Annem: Sen ne diyorsam onu yap...
Cep telefonum panik panik çalıyor. Annem. Yine evden arıyor: Şeyma, telefonum bozuldu galiba.
Ben: Ne oldu ki?
Annem: Şarjı tam görünüyor, hani o pil işareti var ya işte o tam dolu gibi... Ama ekran kapkara.
Ben: Üzülme, servise veririz.
Annem: Olur mu öyle?
Ben: Olur tabi, daha garantisi dolmamıştı, para da almazlar. Sen faturasını ve kutusunu sakladın di mi onun?
Annem: Fatura mı? Kutu mu?
Ben: Neyse takma, hallederiz. (İç ses: Hay Allah! Yaş gününde almıştık, daha 1 sene geçmedi.)
Annem: Dur bakiim, abin gelince bi de ona göstereyim. Belki o halleder..
Ben: İyi öyle yap. (İç ses: Belki okur üfler de, hihohoha...)
Annem: Tamam.. Tamir olur di mi bu?
Ben: Olur, olur... Olmazsa da yenisini alırız, takmaa.... (İç ses: ay canıım çok da üzülmüş...)

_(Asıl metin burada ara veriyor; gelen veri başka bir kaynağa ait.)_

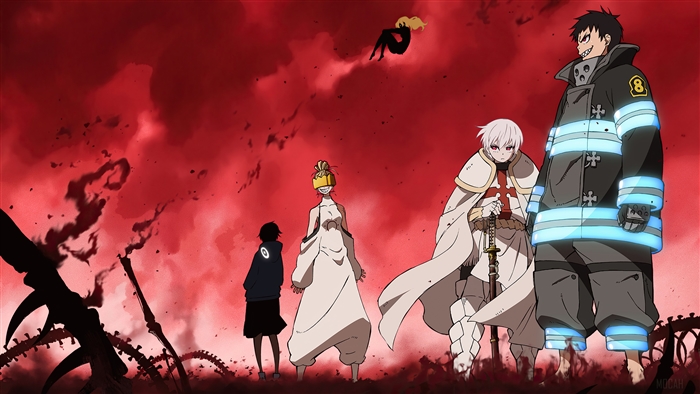 Fire Force Pillars United in Fiery Red Sky 4K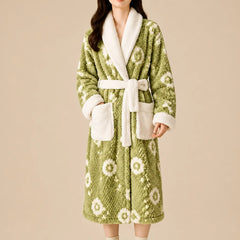 La boutique du peignoir Peignoir Femme Polaire - Texturé à Col Blanc, Vert Sauge Fleuri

Bir iki gün sonra, günlüğümü arıyorum, bulamıyorum. Anneme sorcam o da evde yok: Baba, annem nerede?
Babam: Ne bileyim kızım, onu arasana!
Ben: E cebi bozuktu, çalışmıyordu.
Bir sessizlik, babam kıs kıs cevap veriyor: Yok bozuk diilmiş. Telefonunu açmayı unutmuş...
Evde.
Ben: Telefon hallolmuş öyle mi gülüm?
Annem: (Azıcık suçlu) Hı hı, abin halletti.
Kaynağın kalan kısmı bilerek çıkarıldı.